Problem to work on. Below are several records. Retype exactly those lines running from the one with "Hi everybody, this" through the one with "The first thing to note", end lines included, and no others.

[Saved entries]

<<<<

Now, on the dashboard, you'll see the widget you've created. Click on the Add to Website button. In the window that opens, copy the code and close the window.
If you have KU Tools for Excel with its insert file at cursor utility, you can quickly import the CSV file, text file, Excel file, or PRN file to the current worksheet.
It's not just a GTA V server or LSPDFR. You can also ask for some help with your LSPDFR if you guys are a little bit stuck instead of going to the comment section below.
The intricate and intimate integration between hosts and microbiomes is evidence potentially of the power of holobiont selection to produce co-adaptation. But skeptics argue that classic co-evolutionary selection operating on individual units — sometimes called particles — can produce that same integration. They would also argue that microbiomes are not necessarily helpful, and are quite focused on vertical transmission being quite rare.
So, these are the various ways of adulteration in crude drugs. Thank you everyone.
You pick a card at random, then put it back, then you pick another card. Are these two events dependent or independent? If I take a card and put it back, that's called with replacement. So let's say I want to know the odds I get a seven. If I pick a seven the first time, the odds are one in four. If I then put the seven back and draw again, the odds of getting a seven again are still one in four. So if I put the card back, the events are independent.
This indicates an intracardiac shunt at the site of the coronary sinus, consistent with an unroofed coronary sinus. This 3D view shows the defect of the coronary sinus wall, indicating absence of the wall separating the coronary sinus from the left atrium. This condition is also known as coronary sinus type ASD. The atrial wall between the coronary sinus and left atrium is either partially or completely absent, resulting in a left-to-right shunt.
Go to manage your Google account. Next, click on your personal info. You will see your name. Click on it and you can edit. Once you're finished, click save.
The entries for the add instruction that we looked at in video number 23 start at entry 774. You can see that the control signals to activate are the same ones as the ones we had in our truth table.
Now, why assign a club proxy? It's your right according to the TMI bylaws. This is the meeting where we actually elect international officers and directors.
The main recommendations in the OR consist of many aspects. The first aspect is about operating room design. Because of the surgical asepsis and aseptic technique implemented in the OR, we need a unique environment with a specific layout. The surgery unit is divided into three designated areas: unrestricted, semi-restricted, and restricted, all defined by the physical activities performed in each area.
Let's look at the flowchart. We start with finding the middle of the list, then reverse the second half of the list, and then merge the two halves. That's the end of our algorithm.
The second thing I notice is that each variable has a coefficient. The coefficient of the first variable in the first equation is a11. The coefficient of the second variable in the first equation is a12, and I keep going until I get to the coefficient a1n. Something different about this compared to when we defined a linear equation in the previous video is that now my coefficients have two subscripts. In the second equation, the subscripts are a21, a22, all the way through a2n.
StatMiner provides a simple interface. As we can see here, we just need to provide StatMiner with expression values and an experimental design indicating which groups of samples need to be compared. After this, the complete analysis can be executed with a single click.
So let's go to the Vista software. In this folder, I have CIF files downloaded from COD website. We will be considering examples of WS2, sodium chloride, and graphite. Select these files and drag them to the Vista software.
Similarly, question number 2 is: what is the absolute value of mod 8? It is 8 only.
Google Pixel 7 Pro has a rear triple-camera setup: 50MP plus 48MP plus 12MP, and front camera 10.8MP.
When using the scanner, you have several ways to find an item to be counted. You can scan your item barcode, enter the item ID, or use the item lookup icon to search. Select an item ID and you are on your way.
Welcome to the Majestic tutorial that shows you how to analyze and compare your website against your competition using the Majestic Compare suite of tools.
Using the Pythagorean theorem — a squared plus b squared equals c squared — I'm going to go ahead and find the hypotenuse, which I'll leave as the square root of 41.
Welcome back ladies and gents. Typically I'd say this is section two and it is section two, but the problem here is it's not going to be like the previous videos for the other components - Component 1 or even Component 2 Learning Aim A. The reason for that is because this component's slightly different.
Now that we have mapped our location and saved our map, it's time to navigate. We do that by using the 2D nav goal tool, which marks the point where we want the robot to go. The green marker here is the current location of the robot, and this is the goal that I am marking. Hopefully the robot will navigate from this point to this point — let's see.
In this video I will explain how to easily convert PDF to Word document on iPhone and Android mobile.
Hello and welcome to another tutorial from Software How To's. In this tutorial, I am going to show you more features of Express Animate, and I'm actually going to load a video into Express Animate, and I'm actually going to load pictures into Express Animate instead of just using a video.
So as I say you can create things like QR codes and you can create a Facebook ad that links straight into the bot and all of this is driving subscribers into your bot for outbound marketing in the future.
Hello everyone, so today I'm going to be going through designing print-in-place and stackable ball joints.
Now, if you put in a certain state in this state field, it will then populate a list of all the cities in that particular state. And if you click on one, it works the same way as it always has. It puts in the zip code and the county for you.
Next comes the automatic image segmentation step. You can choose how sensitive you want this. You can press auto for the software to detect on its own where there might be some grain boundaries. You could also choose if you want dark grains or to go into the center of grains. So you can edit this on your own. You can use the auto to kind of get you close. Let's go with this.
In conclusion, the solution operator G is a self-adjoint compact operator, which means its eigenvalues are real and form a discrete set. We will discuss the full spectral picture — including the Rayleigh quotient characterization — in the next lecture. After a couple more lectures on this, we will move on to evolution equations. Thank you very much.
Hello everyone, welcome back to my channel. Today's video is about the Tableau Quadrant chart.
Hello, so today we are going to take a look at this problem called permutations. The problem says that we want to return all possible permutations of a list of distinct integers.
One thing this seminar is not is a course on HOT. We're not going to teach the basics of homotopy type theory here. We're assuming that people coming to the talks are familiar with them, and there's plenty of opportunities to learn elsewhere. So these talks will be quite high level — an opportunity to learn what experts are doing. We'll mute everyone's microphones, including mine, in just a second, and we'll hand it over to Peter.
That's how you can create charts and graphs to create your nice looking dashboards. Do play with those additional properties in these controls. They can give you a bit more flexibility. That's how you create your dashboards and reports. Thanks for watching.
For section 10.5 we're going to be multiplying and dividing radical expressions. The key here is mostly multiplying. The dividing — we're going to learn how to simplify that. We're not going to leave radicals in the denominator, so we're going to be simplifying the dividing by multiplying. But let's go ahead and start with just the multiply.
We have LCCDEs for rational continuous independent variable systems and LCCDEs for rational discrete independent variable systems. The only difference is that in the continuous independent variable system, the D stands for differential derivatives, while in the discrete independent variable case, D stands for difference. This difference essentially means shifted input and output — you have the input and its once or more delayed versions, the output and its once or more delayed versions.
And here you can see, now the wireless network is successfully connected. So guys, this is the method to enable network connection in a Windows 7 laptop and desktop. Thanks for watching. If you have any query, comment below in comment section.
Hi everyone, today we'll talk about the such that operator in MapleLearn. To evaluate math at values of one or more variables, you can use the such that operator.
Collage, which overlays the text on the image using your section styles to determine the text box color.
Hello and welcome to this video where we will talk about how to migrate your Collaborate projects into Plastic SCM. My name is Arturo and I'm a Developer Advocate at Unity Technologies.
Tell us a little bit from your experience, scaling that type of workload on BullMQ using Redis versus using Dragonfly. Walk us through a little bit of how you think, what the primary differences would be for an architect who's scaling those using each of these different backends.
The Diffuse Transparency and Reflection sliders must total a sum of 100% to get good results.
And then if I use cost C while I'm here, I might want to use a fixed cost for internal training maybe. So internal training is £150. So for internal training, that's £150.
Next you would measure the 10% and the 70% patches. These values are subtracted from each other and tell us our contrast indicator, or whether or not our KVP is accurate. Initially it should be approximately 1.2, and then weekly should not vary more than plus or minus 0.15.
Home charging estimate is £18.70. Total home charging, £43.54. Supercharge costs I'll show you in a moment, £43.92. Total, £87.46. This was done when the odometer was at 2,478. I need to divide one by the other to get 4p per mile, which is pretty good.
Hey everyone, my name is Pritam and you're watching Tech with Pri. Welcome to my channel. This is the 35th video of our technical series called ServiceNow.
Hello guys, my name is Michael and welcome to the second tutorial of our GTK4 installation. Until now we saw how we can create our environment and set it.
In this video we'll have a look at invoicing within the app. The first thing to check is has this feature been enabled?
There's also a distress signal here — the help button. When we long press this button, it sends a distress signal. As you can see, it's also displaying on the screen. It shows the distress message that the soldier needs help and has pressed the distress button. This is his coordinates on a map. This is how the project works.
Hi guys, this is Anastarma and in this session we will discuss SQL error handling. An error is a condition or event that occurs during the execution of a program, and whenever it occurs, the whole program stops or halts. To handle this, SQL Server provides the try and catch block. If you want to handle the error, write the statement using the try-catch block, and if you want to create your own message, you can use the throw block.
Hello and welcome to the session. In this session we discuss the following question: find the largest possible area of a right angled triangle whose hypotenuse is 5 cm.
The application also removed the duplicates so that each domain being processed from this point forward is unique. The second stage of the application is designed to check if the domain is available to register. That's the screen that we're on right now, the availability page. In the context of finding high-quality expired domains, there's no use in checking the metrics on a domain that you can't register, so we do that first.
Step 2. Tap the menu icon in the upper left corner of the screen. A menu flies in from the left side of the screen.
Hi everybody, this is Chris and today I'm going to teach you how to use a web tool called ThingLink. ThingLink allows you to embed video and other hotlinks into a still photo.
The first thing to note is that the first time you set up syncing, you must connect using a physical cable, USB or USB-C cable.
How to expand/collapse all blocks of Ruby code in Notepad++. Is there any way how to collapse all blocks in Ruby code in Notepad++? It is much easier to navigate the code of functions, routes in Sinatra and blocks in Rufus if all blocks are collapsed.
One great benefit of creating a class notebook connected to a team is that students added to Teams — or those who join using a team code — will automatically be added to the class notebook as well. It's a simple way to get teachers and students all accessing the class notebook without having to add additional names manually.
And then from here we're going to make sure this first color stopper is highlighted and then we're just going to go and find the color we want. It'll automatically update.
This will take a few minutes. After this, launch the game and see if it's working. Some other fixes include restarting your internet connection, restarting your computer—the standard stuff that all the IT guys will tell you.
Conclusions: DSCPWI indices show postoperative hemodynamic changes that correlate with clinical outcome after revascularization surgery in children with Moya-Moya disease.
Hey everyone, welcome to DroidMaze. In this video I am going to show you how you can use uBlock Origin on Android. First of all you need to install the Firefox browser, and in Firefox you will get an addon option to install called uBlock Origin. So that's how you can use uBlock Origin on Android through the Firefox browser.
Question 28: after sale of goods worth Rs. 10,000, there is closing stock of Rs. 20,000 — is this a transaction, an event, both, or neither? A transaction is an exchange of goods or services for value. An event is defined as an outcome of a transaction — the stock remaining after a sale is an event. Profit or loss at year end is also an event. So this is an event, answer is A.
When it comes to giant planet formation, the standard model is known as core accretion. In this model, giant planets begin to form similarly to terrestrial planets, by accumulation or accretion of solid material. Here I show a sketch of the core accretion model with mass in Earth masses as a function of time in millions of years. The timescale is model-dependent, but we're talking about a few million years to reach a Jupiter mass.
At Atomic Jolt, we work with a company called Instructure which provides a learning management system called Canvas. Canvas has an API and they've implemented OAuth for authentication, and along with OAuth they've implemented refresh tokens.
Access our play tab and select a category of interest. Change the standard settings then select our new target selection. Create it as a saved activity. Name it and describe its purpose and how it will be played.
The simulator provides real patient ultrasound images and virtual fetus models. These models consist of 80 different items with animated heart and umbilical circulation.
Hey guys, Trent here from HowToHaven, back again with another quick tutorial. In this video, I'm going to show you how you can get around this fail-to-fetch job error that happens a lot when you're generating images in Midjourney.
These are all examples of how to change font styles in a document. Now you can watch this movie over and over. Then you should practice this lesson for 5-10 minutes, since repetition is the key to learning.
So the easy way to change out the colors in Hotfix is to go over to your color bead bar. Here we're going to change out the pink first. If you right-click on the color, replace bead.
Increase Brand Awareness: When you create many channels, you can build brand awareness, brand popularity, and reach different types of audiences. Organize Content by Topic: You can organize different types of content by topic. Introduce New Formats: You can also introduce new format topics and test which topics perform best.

>>>>

Answer box.
Hi everybody, this is Chris and today I'm going to teach you how to use a web tool called ThingLink. ThingLink allows you to embed video and other hotlinks into a still photo.
The first thing to note is that the first time you set up syncing, you must connect using a physical cable, USB or USB-C cable.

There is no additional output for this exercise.